■ About this exercise
Pull out from the material below all lines with "yard".

■ Material to process

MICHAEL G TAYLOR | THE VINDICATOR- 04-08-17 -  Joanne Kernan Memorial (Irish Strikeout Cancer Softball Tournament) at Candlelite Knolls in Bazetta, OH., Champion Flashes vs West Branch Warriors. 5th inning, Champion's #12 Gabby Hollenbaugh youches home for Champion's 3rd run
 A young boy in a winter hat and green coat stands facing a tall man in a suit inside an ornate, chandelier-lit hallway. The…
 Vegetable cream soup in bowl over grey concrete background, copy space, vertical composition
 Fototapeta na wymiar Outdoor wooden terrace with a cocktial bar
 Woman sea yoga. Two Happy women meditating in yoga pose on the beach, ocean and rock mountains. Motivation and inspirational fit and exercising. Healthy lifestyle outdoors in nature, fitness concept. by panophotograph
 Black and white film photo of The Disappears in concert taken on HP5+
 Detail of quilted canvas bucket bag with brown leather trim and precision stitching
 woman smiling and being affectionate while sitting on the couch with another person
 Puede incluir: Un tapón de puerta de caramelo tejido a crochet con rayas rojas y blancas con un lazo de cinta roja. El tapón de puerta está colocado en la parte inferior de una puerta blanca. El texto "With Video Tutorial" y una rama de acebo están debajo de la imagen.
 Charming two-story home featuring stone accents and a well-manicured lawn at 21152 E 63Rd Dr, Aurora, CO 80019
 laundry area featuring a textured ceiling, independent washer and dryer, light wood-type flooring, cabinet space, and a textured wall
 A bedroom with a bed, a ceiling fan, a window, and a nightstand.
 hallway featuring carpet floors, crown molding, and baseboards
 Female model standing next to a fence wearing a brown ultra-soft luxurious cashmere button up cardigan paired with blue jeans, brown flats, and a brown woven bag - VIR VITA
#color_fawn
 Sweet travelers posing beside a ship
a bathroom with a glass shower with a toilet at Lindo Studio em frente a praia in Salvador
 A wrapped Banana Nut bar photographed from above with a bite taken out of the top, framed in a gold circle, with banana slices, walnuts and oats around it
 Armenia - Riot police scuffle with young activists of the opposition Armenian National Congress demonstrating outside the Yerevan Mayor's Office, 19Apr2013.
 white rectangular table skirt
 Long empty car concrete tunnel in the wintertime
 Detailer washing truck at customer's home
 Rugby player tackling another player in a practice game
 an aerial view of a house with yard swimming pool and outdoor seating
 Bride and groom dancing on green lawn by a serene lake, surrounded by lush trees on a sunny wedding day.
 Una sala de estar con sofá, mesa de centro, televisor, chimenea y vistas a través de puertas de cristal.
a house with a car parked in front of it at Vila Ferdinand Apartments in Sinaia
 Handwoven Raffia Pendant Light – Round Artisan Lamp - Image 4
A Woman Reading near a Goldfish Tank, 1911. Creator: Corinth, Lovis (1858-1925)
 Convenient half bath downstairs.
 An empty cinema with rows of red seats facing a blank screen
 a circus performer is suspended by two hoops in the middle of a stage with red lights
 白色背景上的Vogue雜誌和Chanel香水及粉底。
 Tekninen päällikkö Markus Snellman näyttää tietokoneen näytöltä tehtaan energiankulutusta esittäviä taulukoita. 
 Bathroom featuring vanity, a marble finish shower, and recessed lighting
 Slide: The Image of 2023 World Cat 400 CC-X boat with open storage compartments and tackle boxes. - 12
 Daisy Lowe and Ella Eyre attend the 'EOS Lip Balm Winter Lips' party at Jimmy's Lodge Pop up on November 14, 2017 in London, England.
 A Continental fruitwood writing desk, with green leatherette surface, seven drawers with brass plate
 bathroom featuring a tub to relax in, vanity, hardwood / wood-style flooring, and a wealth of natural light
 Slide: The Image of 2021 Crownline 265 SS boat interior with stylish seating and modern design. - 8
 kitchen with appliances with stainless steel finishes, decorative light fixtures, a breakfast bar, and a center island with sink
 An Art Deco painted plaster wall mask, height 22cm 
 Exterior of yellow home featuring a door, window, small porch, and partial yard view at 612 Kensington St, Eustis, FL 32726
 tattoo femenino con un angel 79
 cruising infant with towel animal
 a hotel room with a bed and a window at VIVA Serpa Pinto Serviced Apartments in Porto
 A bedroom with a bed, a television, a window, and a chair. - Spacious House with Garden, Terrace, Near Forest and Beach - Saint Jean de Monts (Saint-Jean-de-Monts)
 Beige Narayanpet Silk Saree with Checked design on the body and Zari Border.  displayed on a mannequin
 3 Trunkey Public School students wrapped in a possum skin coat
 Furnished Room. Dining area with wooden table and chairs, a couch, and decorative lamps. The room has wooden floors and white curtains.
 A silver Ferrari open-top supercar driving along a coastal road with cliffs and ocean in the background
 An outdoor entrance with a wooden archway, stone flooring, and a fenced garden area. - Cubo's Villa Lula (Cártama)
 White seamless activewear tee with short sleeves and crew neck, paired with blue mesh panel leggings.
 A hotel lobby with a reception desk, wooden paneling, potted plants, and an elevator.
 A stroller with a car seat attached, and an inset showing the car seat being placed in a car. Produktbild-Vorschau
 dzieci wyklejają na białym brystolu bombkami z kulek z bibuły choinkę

■ Output below
 an aerial view of a house with yard swimming pool and outdoor seating
 Exterior of yellow home featuring a door, window, small porch, and partial yard view at 612 Kensington St, Eustis, FL 32726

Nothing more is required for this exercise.